To view the oil paintings of Mary Mulholland is a sensory experience, a celebration of darkness and light. There's a three-dimensional quality to a subject matter often depicted in pretty watercolours and pencil drawings.
Mary paints flowers, botanicals, plants, still life, but in such a way that takes it beyond the original subject to a whole new world of colour and texture ... and light, particularly in contrast with often dark backgrounds.
Right now she's exhibiting her work at Community Arts Centre in a show entitled Twelve Paintings.
"I've been painting for a long time as a professional," says Mary, "And I've always painted this type of subject matter."

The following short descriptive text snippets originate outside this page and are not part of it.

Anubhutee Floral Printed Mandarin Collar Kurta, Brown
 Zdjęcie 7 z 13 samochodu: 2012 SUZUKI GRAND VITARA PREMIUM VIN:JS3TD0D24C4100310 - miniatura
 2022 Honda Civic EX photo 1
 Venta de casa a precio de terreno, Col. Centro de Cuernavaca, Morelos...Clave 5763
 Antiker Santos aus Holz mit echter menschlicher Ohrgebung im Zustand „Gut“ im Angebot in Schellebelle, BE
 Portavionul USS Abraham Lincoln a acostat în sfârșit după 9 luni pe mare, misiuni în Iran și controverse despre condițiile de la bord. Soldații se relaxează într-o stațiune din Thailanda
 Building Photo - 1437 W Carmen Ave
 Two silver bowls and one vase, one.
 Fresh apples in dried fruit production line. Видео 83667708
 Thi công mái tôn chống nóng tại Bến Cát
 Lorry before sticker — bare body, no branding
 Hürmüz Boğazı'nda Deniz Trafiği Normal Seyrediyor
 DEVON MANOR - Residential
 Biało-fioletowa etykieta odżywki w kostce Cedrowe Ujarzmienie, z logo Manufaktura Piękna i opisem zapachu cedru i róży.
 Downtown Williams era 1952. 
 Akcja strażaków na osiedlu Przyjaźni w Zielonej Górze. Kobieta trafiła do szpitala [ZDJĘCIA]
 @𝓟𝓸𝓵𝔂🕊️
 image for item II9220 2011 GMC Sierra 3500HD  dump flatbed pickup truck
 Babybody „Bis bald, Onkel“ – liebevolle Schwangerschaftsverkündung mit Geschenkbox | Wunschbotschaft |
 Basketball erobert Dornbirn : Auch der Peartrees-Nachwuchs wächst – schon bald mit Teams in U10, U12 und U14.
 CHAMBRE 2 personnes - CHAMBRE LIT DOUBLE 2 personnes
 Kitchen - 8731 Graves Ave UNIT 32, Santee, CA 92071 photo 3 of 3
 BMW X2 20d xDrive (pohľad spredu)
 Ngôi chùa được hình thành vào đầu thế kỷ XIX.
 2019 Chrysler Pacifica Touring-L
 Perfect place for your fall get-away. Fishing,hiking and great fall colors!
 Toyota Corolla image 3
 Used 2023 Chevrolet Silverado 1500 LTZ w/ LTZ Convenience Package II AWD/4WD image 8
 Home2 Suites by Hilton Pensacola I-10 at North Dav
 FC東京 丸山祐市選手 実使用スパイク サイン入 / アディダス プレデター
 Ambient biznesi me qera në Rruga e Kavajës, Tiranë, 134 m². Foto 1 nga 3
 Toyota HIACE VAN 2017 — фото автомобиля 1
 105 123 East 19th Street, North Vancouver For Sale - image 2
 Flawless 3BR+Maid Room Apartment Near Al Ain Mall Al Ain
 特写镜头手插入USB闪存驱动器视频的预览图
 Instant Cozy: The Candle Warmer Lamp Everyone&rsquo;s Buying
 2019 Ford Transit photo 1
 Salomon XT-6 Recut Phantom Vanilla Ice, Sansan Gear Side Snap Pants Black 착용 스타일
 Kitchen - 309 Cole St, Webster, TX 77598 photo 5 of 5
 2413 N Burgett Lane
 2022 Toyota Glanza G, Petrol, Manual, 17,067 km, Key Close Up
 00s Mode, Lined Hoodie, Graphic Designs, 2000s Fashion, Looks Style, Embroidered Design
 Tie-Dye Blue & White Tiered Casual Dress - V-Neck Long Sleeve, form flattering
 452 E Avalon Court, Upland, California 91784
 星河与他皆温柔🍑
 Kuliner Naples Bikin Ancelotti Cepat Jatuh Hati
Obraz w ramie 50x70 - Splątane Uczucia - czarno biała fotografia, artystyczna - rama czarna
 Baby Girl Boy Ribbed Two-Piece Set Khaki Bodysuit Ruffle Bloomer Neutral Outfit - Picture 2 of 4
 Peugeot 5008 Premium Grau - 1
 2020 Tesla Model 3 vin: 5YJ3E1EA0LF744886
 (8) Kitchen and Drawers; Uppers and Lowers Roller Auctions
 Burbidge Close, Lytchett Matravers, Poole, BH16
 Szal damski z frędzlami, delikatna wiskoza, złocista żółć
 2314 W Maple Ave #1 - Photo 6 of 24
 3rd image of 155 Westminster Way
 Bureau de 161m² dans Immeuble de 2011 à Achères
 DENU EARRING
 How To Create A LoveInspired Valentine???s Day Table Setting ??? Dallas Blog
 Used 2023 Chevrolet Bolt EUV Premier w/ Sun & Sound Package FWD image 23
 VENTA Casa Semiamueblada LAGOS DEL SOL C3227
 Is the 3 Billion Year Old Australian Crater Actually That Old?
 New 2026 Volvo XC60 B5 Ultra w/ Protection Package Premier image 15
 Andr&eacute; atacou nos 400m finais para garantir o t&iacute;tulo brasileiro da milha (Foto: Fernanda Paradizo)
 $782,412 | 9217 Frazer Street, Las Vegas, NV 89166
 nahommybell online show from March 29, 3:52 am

A UK native, she graduated with a Diploma of Fine & Applied Art from the Dunedin School of Art in 1972.
From bringing up a family of three children to painting full-time was a gradual move, she says, and she prefers to paint big. Most of the paintings in this exhibition, are large, involving up to a month's work each. She paints in oils in a layering process to get the luminosity and density of colour so prevalent in her paintings.
Mary has had plenty of exhibitions in the South Island, but this is her first since moving to Waverley.
"This is an introduction to what I do," she says. This is our first chance to view such a quantity of Mary's work.
Twelve Paintings, Mary's first Whanganui exhibition, is on at the Community Arts Centre until April 14.